Lately I just want to call you. It is too long since we have spoken, too long since I have heard your voice. I often think of dialling your number just to hear your phone ring, but I know part of me will be irrationally hoping you will pick up and I will break just a little bit more when you don’t.
Love’s longing cannot be reasoned with.
I have your voice and mine on my computer, caught by the dictophone you hated but bought and endured, because I needed to feel I could keep just a little bit more of you. Sometimes I play the file for a few moments and close my eyes. Listen to the pauses, hear our smiles, the chink of your coffee cup and I can almost feeel you sitting next to me on the couch.
Right now I can’t bear more than a few moments of feeling you are all at once so close and so far. But there will come a day I will be able to listen to your stories, hear again what you had to say without getting all lost the story of this loss.

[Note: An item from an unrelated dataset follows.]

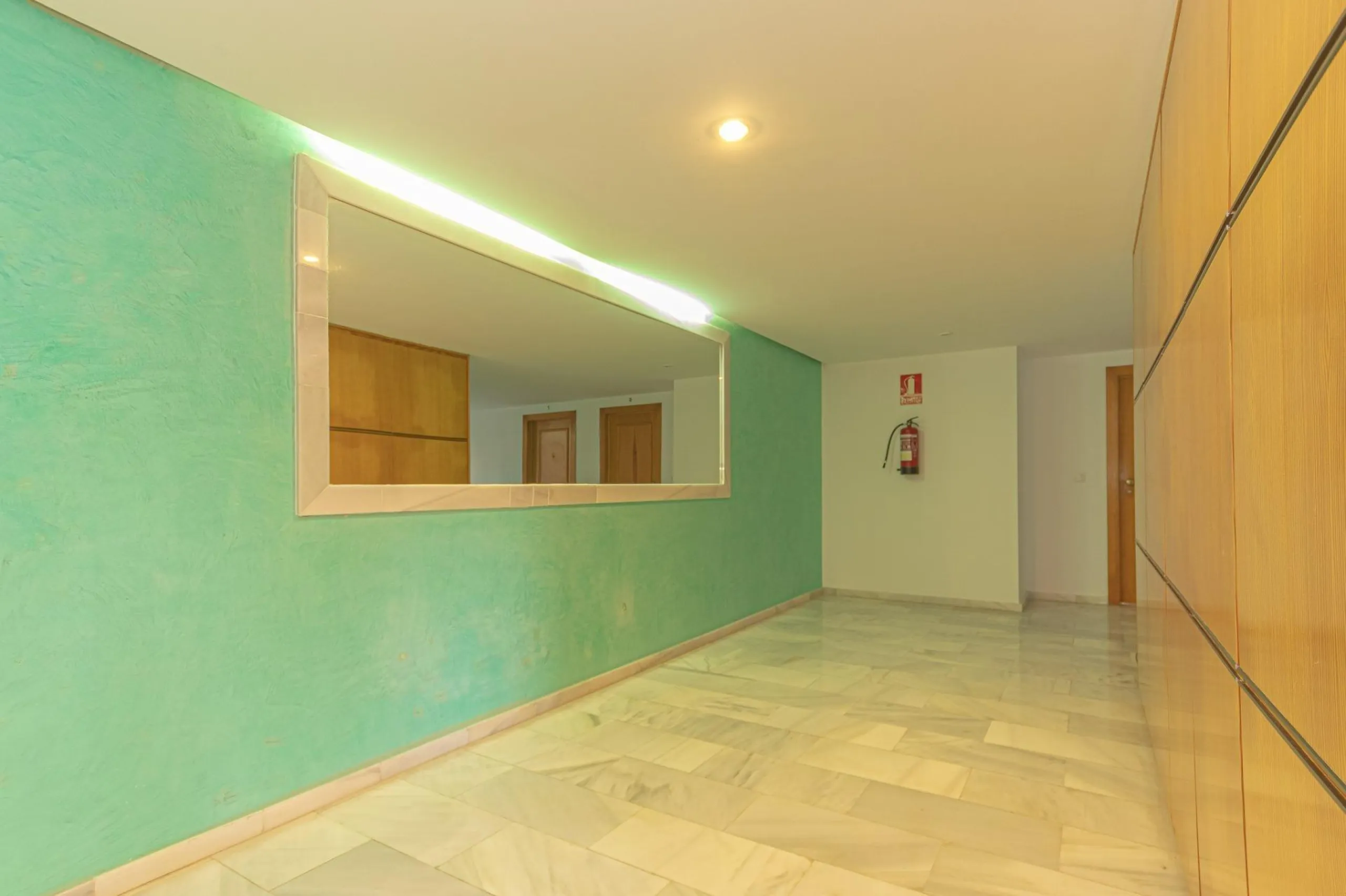 APARTAMENTO DE 2 DORMITORIOS 2 BAÑOS CON TERRAZA EN PLAYA FLAMENCA URB. LAGUNA GOLF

There is so much beautiful I would like to share with you bab. I still stoop to pick up stones and shells, the little trophies I carried home to you. I still pick out your presents. I still think of what I will tell you, take pictures to show you, still wait for your call.
The other day I could swear I heard you say my name: the name you chose, spoke and filled with love for me. I looked up, looked for you. For a moment I could have sworn you were there.
Most days are fine bab. In fact I sometimes wonder whether my grief blog has less grief than it ought to but I think that is as it should be. I am fine, growing beaming and bright again and I know you would be glad. So much of all that we were was shrunk in during the hard days of your illness, so much was lost that has to be re-found.
It is just days short of 5 months since you died now, just a few days short of your birthday. All that hurts. There is no daily diet of tears, no constant ache now but once in a while the pain is every bit as fierce and fresh.
There are days when the thought of the times, the weeks and months and years to come, all without you, trampling down on me is too much. Then my determined ‘I can, I will’ starts to feel a bit weak and thin, and I just want to curl back into myself like a chrysalis till I’m borne back into feeling better.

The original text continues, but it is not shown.